East Bay Seafood Company services the demanding Asian-trade distributors with seafood items served raw.
Rossman believes that showing where his product comes from will not only better retain old customers, but attract new ones as well. He is currently gathering the names of vessels from suppliers to input them into Global Fishing Watch and create the custom maps he’ll use in these marketing efforts.
Every day, East Bay Seafood Company sources fish from around the world, striped bass from Cape Cod, swordfish from Ecuador, halibut from Norway, and yellowfin tuna from its sister company in Vietnam, all caught by dozens of day boats and longliners.
For example, Rossman imagines the day when his customers can say: “Look! I just bought a tuna loin from East Bay Seafood and now I can trace on Global Fishing Watch all the way back to the spot where U.S. Fishing Vessel Austin took this ocean harvest.”

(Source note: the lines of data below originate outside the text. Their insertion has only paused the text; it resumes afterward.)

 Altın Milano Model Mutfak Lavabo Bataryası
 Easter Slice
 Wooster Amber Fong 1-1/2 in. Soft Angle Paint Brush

Traceability is becoming more important to the seafood trade, and when the Seafood Import Monitoring Program goes into effect in January, 2018, record keeping requirements will tighten for many seafood imports to the U.S.
Forward thinking business leaders, like Jason Rossman, recognize the market opportunity increased transparency creates. He believes that Global Fishing Watch truly enhances credibility and value to the East Bay Seafood supply chain.
“Consumers want to know where their food comes from and Global Fishing Watch definitely provides this ‘wow’ factor,” Rossman says. “We work hard to make sure the items we sell are the best, the top of the catch. It is essential our clients believe in us and now, with Global Fishing Watch, there is proof behind all our effort. This is a good thing.”